● **EXERCISE DESCRIPTION**:
Pictures are to be left out; otherwise, copy exactly the lines from the line containing "You're going to" through the end of the data.

● **RECORDS PROVIDED**:
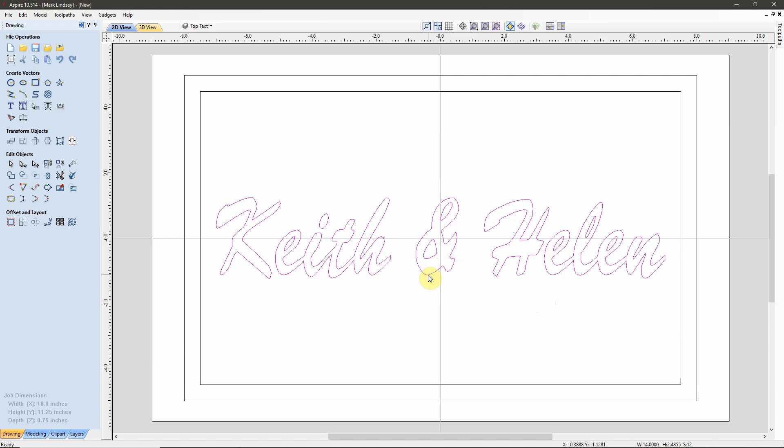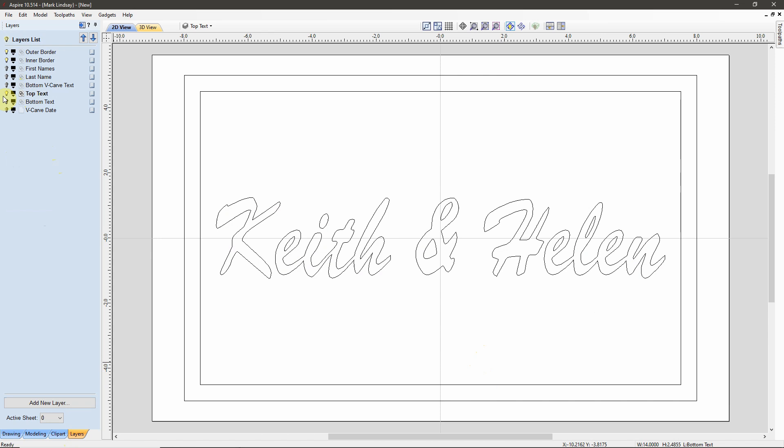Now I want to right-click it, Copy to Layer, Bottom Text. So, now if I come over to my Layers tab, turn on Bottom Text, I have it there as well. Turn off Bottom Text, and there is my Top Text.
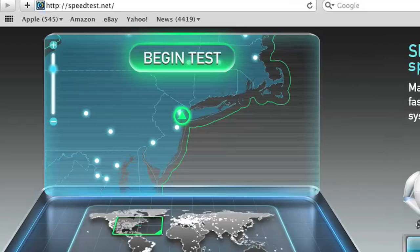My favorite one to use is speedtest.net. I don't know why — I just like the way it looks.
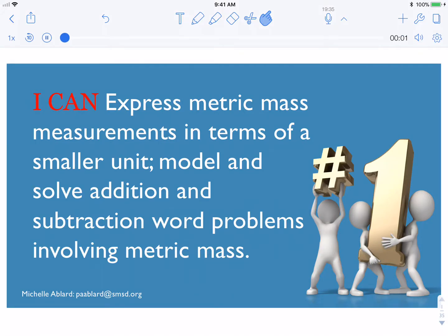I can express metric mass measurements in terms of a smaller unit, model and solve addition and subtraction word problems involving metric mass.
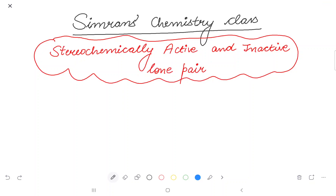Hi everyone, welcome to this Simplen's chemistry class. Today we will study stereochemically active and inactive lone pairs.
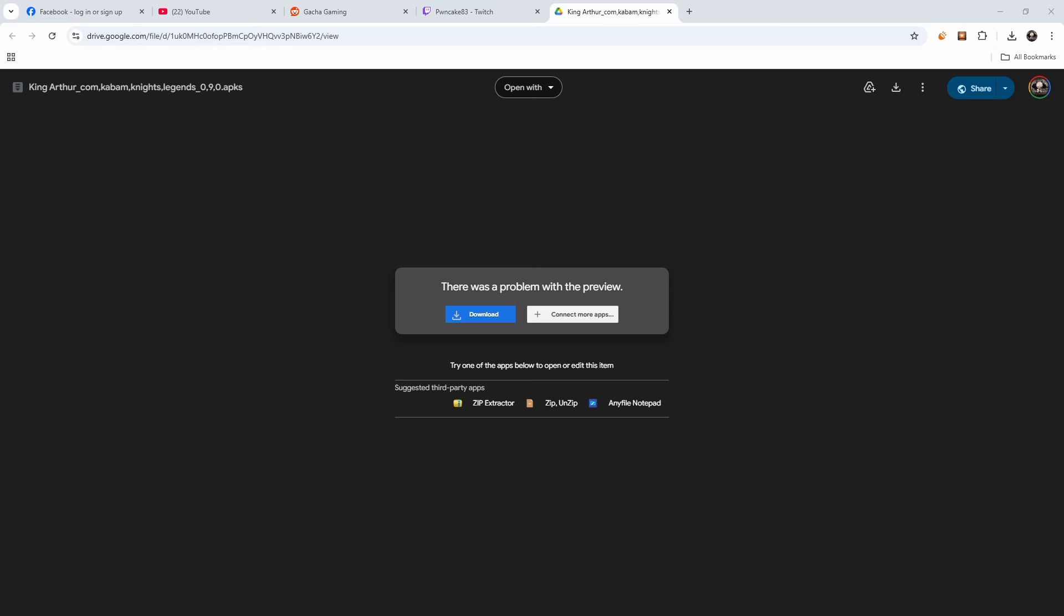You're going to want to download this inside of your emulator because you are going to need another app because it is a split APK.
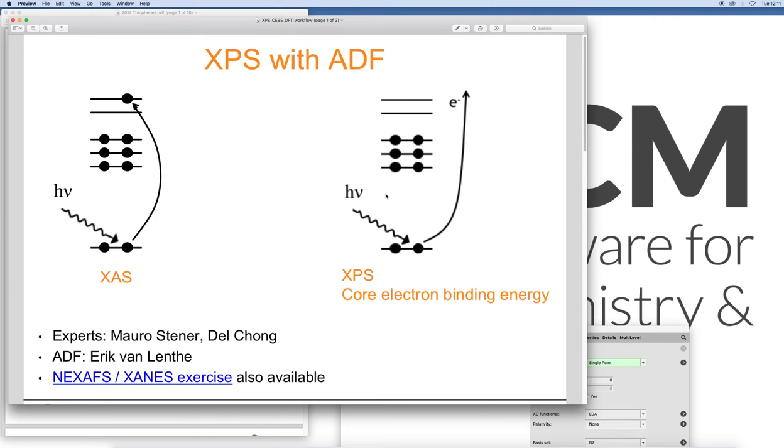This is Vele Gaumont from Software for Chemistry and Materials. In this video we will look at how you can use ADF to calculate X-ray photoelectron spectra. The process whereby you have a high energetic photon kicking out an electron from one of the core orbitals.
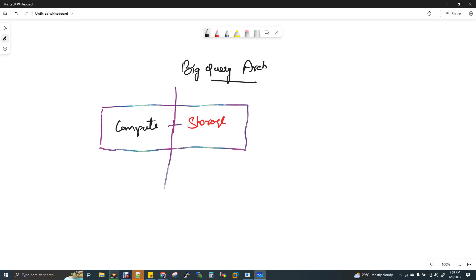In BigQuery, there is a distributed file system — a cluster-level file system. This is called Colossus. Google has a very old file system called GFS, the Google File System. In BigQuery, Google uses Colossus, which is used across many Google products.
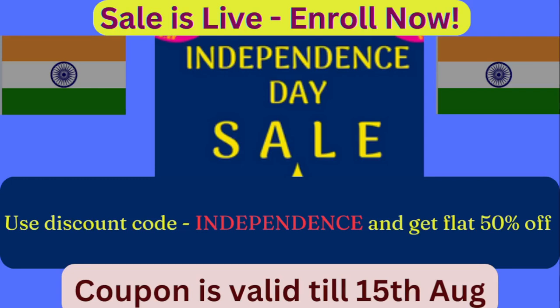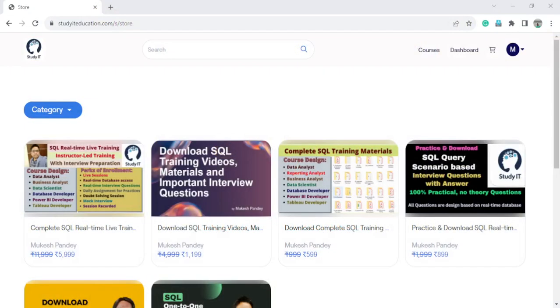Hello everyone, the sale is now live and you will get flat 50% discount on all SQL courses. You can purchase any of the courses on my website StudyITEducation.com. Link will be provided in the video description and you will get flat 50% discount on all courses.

● **WRITTEN ANSWER**:
You're going to want to download this inside of your emulator because you are going to need another app because it is a split APK.
This is Vele Gaumont from Software for Chemistry and Materials. In this video we will look at how you can use ADF to calculate X-ray photoelectron spectra. The process whereby you have a high energetic photon kicking out an electron from one of the core orbitals.
In BigQuery, there is a distributed file system — a cluster-level file system. This is called Colossus. Google has a very old file system called GFS, the Google File System. In BigQuery, Google uses Colossus, which is used across many Google products.
Hello everyone, the sale is now live and you will get flat 50% discount on all SQL courses. You can purchase any of the courses on my website StudyITEducation.com. Link will be provided in the video description and you will get flat 50% discount on all courses.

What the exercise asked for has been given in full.